■ Task
The answer must consist of every line below that contains the word "Apartment".

(Collection entries)
+ + + + +

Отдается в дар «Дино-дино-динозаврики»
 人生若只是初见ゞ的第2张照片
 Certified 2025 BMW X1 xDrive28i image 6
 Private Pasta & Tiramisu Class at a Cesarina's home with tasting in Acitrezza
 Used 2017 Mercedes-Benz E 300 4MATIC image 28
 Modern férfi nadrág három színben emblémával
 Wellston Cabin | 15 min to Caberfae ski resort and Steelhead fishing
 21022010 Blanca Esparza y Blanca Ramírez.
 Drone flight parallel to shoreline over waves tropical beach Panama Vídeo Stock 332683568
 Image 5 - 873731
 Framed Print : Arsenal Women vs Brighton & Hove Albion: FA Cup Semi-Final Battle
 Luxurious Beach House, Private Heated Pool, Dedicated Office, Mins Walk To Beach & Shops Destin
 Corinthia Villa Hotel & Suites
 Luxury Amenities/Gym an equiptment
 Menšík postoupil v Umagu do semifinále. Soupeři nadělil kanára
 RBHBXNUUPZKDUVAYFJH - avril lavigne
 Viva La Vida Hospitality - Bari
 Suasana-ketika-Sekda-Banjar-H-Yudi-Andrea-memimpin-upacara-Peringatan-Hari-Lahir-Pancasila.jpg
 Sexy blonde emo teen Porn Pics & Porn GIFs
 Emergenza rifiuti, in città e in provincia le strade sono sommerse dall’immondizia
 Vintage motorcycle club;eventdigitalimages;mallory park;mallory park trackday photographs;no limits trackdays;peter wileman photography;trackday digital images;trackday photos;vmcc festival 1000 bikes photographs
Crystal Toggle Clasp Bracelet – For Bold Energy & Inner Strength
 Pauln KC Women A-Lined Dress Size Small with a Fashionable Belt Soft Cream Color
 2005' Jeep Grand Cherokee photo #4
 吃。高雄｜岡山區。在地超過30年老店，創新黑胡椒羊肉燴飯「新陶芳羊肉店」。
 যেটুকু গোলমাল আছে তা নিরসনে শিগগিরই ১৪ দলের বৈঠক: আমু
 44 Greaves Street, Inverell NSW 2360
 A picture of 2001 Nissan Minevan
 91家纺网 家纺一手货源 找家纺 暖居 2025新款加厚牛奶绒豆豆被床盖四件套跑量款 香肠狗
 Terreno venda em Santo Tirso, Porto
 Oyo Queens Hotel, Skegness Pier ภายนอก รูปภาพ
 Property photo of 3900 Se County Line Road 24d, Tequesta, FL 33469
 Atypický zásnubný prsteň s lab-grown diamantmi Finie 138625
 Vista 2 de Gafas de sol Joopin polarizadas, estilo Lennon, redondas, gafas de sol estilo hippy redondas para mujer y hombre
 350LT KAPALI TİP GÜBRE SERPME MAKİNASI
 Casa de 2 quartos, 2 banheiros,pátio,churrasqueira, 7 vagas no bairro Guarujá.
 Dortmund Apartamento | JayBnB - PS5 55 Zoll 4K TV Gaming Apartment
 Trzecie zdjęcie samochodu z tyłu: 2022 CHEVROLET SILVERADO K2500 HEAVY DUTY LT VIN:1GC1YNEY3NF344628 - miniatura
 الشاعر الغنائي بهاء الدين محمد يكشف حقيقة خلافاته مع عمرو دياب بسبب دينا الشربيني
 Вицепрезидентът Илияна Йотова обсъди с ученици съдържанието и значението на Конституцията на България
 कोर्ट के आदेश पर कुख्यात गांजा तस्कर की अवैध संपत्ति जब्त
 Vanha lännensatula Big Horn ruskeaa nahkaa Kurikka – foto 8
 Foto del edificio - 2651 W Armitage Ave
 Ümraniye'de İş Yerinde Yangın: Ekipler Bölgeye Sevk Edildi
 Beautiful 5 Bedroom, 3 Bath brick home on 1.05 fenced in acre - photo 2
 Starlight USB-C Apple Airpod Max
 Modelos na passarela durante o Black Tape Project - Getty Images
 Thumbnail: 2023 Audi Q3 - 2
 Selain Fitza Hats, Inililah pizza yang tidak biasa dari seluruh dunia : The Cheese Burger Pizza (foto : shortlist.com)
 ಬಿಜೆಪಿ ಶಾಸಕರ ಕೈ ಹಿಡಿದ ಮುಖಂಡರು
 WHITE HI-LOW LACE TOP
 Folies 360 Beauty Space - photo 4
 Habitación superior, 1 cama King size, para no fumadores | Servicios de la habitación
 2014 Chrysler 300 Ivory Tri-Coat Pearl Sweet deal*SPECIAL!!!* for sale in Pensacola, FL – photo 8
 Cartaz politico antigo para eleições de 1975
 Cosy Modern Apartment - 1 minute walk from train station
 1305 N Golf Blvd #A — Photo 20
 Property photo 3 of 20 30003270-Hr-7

+ + + + +

■ Reply
 Dortmund Apartamento | JayBnB - PS5 55 Zoll 4K TV Gaming Apartment
 Cosy Modern Apartment - 1 minute walk from train station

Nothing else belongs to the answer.